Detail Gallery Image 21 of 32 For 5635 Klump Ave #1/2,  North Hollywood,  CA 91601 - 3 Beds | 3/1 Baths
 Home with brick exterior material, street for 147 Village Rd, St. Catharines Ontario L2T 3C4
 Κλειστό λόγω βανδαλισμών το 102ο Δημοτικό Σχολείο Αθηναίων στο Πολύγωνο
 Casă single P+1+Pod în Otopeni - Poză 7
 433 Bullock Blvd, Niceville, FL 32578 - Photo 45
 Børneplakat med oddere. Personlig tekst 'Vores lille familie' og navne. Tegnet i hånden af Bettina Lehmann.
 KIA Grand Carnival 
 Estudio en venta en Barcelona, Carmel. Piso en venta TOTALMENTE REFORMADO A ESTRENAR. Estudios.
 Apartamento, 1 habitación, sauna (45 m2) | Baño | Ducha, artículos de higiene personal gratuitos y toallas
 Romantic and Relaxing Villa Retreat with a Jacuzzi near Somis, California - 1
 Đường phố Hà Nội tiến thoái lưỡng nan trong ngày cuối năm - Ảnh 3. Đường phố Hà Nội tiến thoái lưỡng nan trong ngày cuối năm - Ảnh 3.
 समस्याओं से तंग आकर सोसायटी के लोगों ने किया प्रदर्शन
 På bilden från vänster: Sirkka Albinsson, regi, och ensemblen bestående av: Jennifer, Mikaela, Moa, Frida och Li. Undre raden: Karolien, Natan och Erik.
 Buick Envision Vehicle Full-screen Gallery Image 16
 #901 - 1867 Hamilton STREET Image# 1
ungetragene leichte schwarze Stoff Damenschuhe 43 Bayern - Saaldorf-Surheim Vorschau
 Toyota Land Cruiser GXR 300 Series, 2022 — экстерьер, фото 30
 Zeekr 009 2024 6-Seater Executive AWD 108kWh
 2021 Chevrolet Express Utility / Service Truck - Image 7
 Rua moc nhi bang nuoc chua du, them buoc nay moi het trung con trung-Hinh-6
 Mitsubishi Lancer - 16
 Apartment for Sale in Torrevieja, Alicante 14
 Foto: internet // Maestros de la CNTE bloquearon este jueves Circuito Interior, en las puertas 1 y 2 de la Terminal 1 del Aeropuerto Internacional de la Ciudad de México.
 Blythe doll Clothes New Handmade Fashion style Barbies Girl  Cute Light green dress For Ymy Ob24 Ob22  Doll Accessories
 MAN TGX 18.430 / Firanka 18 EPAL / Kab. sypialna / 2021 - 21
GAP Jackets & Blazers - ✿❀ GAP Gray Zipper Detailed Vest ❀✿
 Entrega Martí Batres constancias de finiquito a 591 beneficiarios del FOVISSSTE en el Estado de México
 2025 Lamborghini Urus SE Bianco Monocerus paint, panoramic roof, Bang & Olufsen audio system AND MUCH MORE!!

> **EXERCISE AIM**
Please copy, exactly as written, every line in the listing above from the line with "433 Bullock Blvd, Niceville, FL" up to and including the line with "समस्याओं से तंग".

> **TASK RESULT**
 433 Bullock Blvd, Niceville, FL 32578 - Photo 45
 Børneplakat med oddere. Personlig tekst 'Vores lille familie' og navne. Tegnet i hånden af Bettina Lehmann.
 KIA Grand Carnival 
 Estudio en venta en Barcelona, Carmel. Piso en venta TOTALMENTE REFORMADO A ESTRENAR. Estudios.
 Apartamento, 1 habitación, sauna (45 m2) | Baño | Ducha, artículos de higiene personal gratuitos y toallas
 Romantic and Relaxing Villa Retreat with a Jacuzzi near Somis, California - 1
 Đường phố Hà Nội tiến thoái lưỡng nan trong ngày cuối năm - Ảnh 3. Đường phố Hà Nội tiến thoái lưỡng nan trong ngày cuối năm - Ảnh 3.
 समस्याओं से तंग आकर सोसायटी के लोगों ने किया प्रदर्शन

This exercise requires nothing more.